Den ersten Teil ihres Vortrags widmete Wullschleger dem Fundort aus dem Jahr 2011 im Nordosten Grenchens, nördlich der Jurastrasse. «Es gab in der Umgebung früher schon Funde, die darauf schliessen liessen, dass man hier fündig werden würde.» Zu den wichtigsten archäologischen Überresten gehören ein Graben aus der Frühzeit der Villa, eine Steinpflasterung sowie ein Gebäude. Der älteste Baurest war ein mächtiger, im Querschnitt V-förmiger Graben, der um das Jahr 40 nach Christus angelegt worden war und rund eine Generation später, um 60/70, bereits wieder aufgefüllt war. Der Graben hatte ein Gefälle und diente wahrscheinlich als Wassergraben.
Als interessant bezeichnete ihn Wullschleger wegen des Fundes zweier Hundeskelette, die man vergraben hatte. Eine Untersuchung dieser Skelette durch eine Archäozoologin brachte zutage, dass der eine die Grösse eines Spitzes, der andere die eines Appenzellers hatte und man beiden Hunden nach ihrem Tod das Fell abgezogen hatte. Allerdings weist ein bei den Hunden vergrabener Bärenzahn auch darauf hin, dass die Hunde nicht einfach verscharrt, sondern regelrecht bestattet wurden. Wullschleger: «Möglicherweise fanden hier treue Haustiere ihre letzte Ruhe, begleitet von einer rituellen Handlung.»
Etwa im Jahr 100 nach Chr. errichteten die Römer ein Ökonomiegebäude, so etwas wie eine Scheune, von rund 11 × 14 Meter Grundfläche an der Stelle, dessen Fundament als Einziges übrig blieb. Das Gebäude hatte einen grossen und drei kleinere Räume, war nicht rechtwinklig, sondern in einem stumpfen Winkel angelegt. «Zufall oder Planung? Für die Planung sprechen die Grössenverhältnisse der drei kleinen Räume», erklärt Wullschleger: «Der nördliche Raum ist genau zweimal so gross wie der mittlere, der südliche dreimal so gross.
Dass es sich um ein Ökonomiegebäude eines Landwirtschaftsbetriebs gehandelt haben muss, schliessen die Archäologen aus Fundstücken, wie einem Teil eines Jochs, durch das die Zügel der Zugtiere geleitet wurden. Man fand auch Scherben von typischen Gefässen, wie sie zur Frischkäseherstellung verwendet wurden und den Griff eines Klappmessers sowie einige Gewandfibeln und Gewandnadeln, darunter auch eine Häsin, auf deren Leib zwei kleine Hasen modelliert waren.

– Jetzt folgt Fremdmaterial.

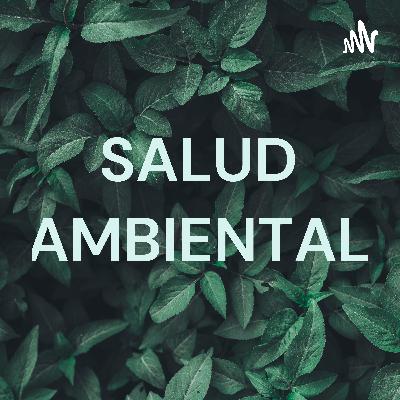 "CON NUESTRAS BUENAS ACCIONES PODREMOS PRESERVAR LA SALUD AMBIENTAL"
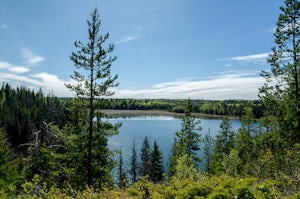 Ridgeview Lake Loop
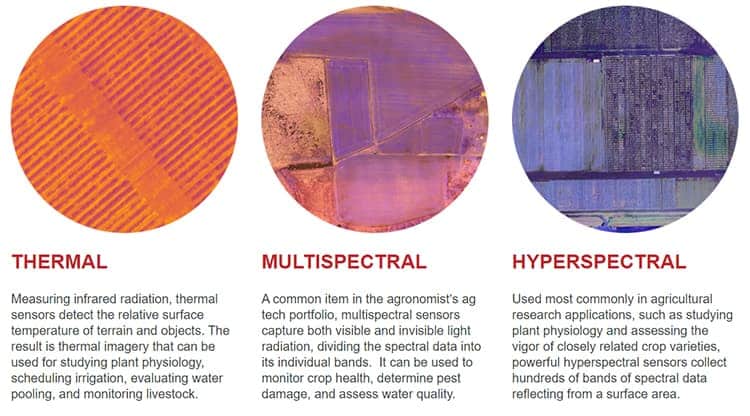 Sensors use different spectra to capture data about crops.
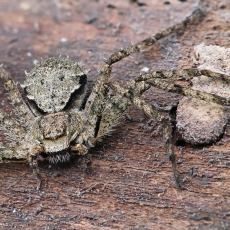 Kamieninis vikrūnas - Philodromus margaritatus | Fotografas Gintautas Steiblys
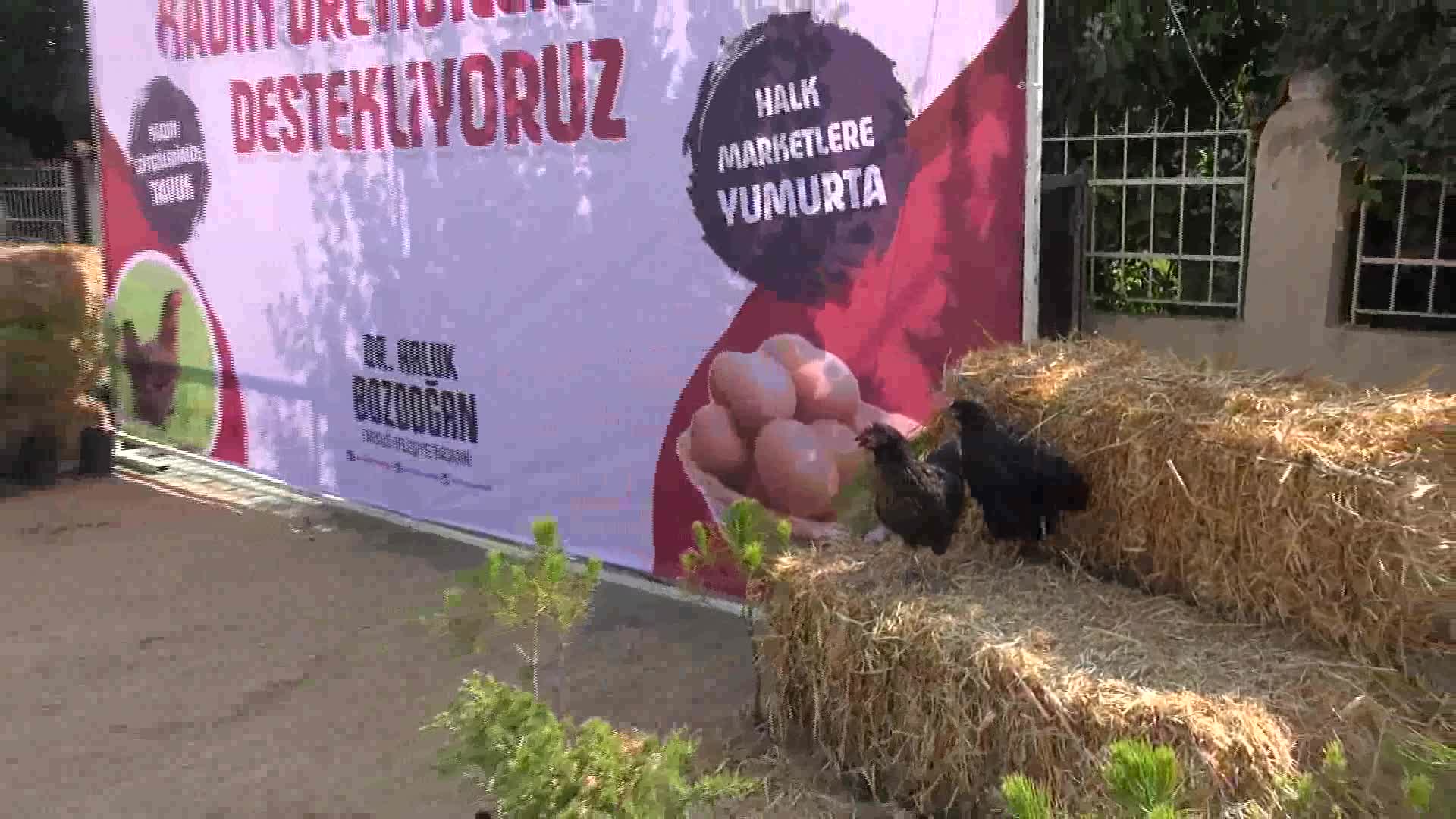 TARSUS BELEDİYESİ'NDEN ÜRETİCİ KADINLARA 5 BİN CANLI TAVUK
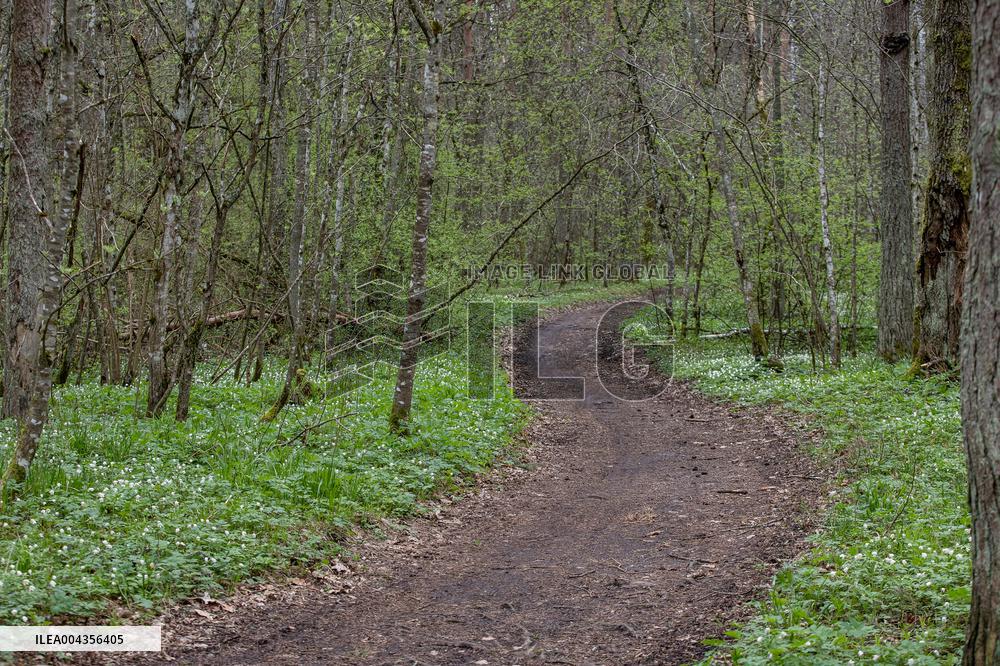 Wood Anemone (Anemone nemorosa)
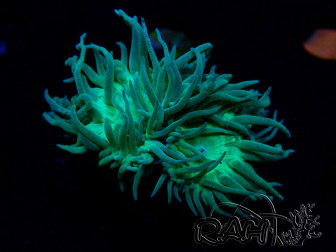WYSIWYG Duncanopsammia axifuga Verde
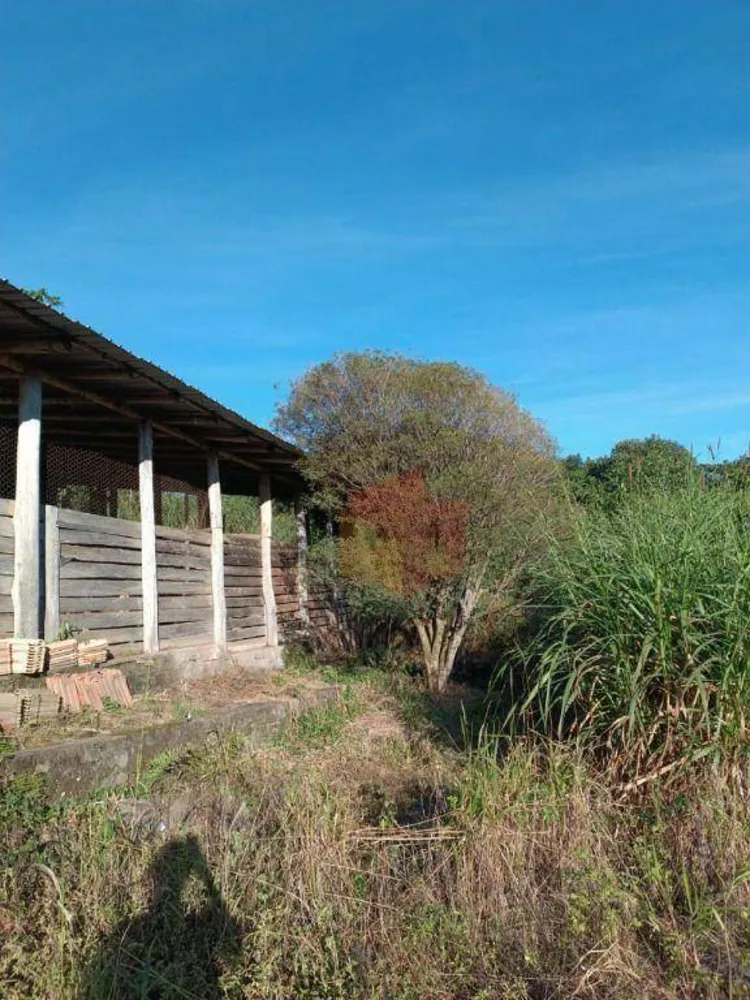 Sítio, 10 hectares - Foto 11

Da es sich bei diesem Gebäude um einen Teil eines typischen, römischen Gutshofes handelt, stellt sich die Frage nach der Lage des Herrschaftsgebäudes. «Wir vermuten, dass es sich weiter östlich befunden hat. Dies auch aufgrund von Mauerfunden aus früherer Zeit, über die berichtet wurde.» Da dort in absehbarer Zeit wieder eine Überbauung geplant ist, sei gut möglich, dass die Kantonsarchäologie bald wieder zum Einsatz komme.